Posted: Monday, 09 April 2012 13:28

Wines to Cost More in Haryana

Apr 09 : While Haryana, the neighbouring state of Delhi continues to streamline its excise policy, trying to balance between the declared long term objectives of breaking the cartels and unethical dominance of liquor mafia and broad basing the trade by facilitating the entry of new players of modest means, there has been an increase in taxes that will push up the wine prices and keep smaller distributors out of the market, opines Subhash Arora.

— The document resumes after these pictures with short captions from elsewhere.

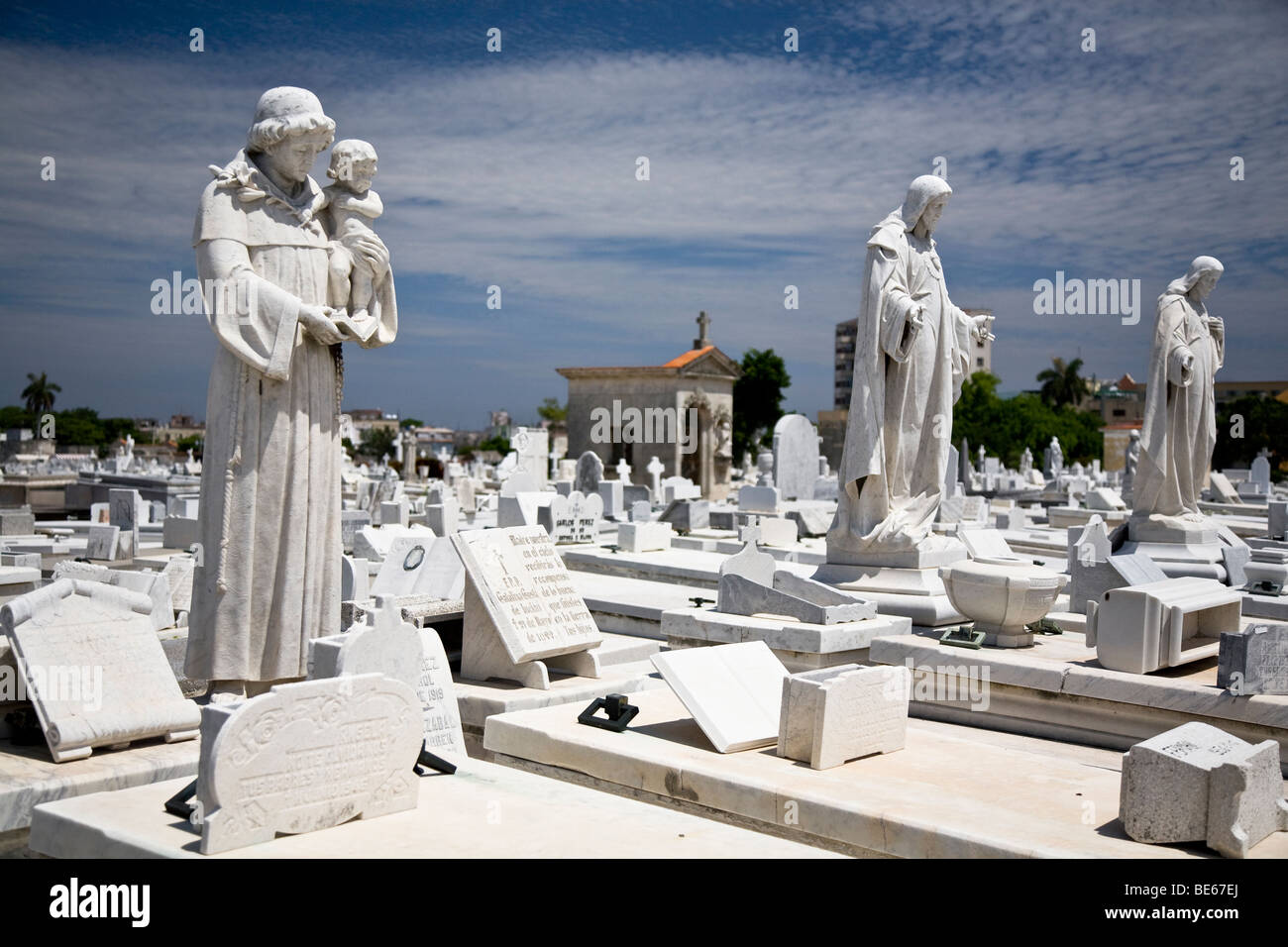 Tombe e statue nel Cementerio de Colon Havana Cuba Foto Stock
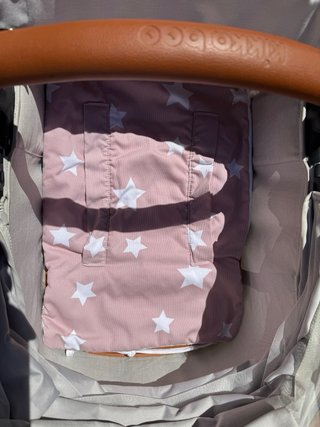 Carro de bebé beige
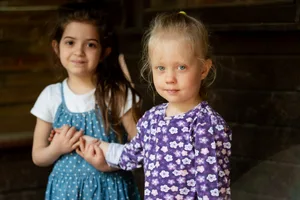 26-07-violence-sexuelle-à-la-maternelle-3-magazine-suisse-pour-parents-hg Violence sexuelle : une jeune fille aux cheveux foncés et une autre aux cheveux blonds se tiennent par la main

With an increase in the cost of wholesaler license (L-1BF) from Rs.500,000 to Rs.1.5 million, introduction of registration fee of Rs.10,000 for each wine label and that too by every wholesaler selling the label, an astronomical increase in cost of the Retail license L-2 and making the use of holograms compulsory, are expected to result in higher costs for the consumer, although it will make the leakage into the Delhi market more difficult.

The buzz in the wine industry has been that the Delhi Excise Department applied extreme pressure on the Haryana government to take some of these steps to avoid leakage of the stocks meant for Haryana into the Delhi market. Thus the sale in cities like Gurgaon is expected to come down substantially, resulting in double whammy for smaller importers in particular.

Increased wholesaler License Fee

Section 9.5.1 of the Haryana Excise Policy declared last month and effective from April 1 states that ‘the consumption of liquor imported from outside the country is growing particularly in NCR region. To facilitate greater consumer choice for quality liquor and to regulate distribution of foreign liquor imported from outside the country, a wholesale license in the form of L-1BF for such liquor is prescribed.’ 

For sale volumes below 10,000 cases in the financial year 2012-13, the license fee has been increased to Rs 1.5 million per annum. For Every subsequent slab of 10,000 cases in the financial year it will be Rs 1 million per annum. This was set at Rs.500,000 for up to 5000 cases last year while the additional 5000 cases required a further deposit of Rs.500,000 for another 5000 cases.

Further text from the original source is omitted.